**What to do:** From the entries below, retype only the lines from the one with "Farah Blanes Organic" through the one with "Cleveland Browns JC", exactly as written.

(The data begins)

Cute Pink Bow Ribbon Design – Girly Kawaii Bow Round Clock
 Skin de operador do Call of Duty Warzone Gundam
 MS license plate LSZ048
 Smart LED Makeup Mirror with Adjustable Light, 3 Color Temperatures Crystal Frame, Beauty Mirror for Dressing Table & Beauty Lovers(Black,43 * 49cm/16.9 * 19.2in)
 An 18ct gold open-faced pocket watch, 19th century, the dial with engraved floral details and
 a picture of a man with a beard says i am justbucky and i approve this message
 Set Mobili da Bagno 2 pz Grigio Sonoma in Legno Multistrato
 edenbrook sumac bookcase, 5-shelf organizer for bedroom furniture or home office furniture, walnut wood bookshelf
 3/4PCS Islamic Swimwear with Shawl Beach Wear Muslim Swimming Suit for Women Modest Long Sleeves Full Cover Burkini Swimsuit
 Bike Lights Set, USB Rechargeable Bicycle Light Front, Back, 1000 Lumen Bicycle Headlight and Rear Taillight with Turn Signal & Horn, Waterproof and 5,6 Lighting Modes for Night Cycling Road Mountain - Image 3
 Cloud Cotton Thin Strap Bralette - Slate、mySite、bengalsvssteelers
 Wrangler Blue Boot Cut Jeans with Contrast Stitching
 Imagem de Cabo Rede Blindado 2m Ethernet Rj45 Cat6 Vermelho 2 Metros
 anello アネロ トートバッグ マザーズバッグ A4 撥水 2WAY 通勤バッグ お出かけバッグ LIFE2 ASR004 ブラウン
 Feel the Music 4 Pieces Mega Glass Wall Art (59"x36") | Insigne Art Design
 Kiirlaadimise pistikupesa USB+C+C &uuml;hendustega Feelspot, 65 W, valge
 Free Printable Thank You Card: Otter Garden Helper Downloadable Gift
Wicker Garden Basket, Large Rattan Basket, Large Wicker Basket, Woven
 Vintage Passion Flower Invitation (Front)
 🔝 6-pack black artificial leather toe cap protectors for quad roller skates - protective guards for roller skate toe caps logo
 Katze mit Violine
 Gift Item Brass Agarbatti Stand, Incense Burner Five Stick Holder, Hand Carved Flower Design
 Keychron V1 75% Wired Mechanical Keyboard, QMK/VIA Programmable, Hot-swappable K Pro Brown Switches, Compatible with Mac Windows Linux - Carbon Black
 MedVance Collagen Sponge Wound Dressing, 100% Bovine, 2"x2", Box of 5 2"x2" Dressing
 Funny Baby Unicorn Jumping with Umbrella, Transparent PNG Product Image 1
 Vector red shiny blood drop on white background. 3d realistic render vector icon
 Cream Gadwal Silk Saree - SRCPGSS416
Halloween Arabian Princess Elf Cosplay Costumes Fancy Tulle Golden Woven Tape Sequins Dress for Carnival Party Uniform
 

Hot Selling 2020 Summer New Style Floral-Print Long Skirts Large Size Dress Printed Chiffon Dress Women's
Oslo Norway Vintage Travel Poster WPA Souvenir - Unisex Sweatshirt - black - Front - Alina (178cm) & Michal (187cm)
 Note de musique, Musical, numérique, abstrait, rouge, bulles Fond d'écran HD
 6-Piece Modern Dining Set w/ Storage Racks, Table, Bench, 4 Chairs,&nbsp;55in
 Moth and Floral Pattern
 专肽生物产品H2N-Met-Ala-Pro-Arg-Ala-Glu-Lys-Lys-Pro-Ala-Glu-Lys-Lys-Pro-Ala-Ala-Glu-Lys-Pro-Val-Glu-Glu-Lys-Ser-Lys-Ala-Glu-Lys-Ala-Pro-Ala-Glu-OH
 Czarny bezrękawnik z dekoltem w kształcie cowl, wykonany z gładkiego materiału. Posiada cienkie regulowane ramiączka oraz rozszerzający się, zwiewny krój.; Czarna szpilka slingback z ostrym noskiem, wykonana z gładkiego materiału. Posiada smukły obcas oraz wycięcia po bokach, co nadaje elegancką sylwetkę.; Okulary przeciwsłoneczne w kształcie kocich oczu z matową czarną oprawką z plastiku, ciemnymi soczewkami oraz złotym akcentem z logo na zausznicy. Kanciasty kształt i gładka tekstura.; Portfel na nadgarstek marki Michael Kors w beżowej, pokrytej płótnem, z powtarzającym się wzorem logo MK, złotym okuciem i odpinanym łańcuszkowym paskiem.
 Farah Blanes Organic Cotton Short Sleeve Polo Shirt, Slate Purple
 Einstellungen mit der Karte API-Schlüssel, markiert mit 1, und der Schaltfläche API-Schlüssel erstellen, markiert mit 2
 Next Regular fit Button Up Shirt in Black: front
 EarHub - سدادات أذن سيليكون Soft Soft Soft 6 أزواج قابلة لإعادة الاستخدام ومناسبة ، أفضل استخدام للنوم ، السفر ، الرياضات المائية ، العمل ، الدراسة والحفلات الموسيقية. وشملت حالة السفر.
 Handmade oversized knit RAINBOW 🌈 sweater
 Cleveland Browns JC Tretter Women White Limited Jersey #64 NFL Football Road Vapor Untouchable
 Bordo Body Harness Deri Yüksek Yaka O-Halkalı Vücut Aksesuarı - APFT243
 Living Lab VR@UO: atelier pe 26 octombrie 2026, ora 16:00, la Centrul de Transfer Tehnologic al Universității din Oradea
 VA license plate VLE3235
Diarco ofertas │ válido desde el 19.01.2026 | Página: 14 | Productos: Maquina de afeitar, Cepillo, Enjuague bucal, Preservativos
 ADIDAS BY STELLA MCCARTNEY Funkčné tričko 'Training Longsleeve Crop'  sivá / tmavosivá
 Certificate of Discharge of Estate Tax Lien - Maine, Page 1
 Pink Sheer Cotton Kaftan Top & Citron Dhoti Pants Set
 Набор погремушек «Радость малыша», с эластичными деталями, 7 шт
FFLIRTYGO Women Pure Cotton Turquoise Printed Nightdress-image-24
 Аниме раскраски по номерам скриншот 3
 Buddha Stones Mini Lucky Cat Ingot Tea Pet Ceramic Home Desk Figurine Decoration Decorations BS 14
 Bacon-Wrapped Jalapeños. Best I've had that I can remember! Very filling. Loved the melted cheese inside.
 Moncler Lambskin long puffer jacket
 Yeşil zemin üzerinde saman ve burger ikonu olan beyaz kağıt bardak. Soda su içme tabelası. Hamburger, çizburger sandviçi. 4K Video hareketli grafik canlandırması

(The data ends)

**Answer to this task:**
 Farah Blanes Organic Cotton Short Sleeve Polo Shirt, Slate Purple
 Einstellungen mit der Karte API-Schlüssel, markiert mit 1, und der Schaltfläche API-Schlüssel erstellen, markiert mit 2
 Next Regular fit Button Up Shirt in Black: front
 EarHub - سدادات أذن سيليكون Soft Soft Soft 6 أزواج قابلة لإعادة الاستخدام ومناسبة ، أفضل استخدام للنوم ، السفر ، الرياضات المائية ، العمل ، الدراسة والحفلات الموسيقية. وشملت حالة السفر.
 Handmade oversized knit RAINBOW 🌈 sweater
 Cleveland Browns JC Tretter Women White Limited Jersey #64 NFL Football Road Vapor Untouchable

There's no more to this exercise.